Jakarta, Aktual.com – Koordinator Investigasi Center for Budget Analysis (CBA), Jajang Nurjaman menegaskan bahwa penerapan PP Nomor 66 Tahun 2016 tentang jenis dan tarif atas Penerimaan Negara Bukan Pajak (PNBP) yang dikeluarkan pemerintah, bertentangan dengan Undang-undang No 20 tahun 1997 tentang Penerimaan Negara bukan Pajak (PNBP).

“Kenaikan PNBP ini sesungguhnya bertentangan dengan Undang-undang No 20 tahun 1997 tentang Penerimaan Negara bukan Pajak khsusunya dalam pasal 3 ayat 1,” kata Jajang dalam keterangan tertulis yang diterima Aktual.com, di Jakarta, Jumat (6/7).
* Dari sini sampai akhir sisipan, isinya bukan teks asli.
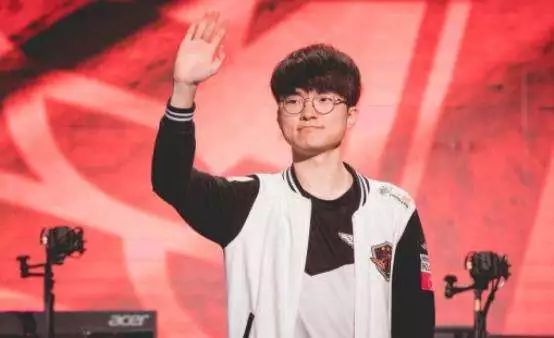 凯雷茨在荷 凯雷茨在荷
Pasal 3 ayat 1 berbunyi “Tarif atas jenis Penerimaan Negara Bukan Pajak ditetapkan dengan memperhatikan dampak pengenaan terhadap masyarakat dan kegiatan usahanya, biaya penyelenggaraan kegiatan pemerintah sehubungan dengan jenis Penerimaan Negara Bukan Pajak yang bersangkutan, dan aspek keadilan dalam pengenaan beban kepada masyarakat”

Tidak hanya bertentangan, CBA menilai PP 60/2016 terkesan illegal karena tidak jelas siapa yang bertanggungjawab dalam penyusunannya, terlihat dari sejumlah pernyataan menteri, kepolisian maupun presiden yang tidak mengetahui usulan kenaikan melalui PP tersebut.

“Hal ini bisa digambarkan dari ulah internal pemerintahan sendiri. Antara kementerian keuangan dengan polri, saling ‘lempar batu sembunyi tangan’ atau saling lempar tanggung jawab adanya kenaikan tarif PNBP, alias STNK atau BPKB. Sesudah itu, dengan gaya pura- pura tidak tahu, Presiden Jokowi malahan mempertanyakan kenaikan tarif STNK sampai tiga kali lipat itu,” sebut dia.

Seharusnya, kata Jajang, Presiden Jokowi jangan lagi mempertanyakan kenaikan STNK ini, melainkan langsung mencabut PP No 60/2016 sehingga publik tidak menilai presiden sedang melakukan sandiwara belaka.

“Yang jelas, rakyat pusing tujuh keliling, dan tambah sengsara gara-gara Presiden Jokowi kerjanya hanya mempertanyakan. Sehingga rakyat harus menanggung biaya tiga kali lipat untuk urusan STNK dan BPKB, terlebih naiknya bahan kebutuhan pokok seperti cabai, naik harga BBM, dan akan naik tarif listrik,” tandas dia.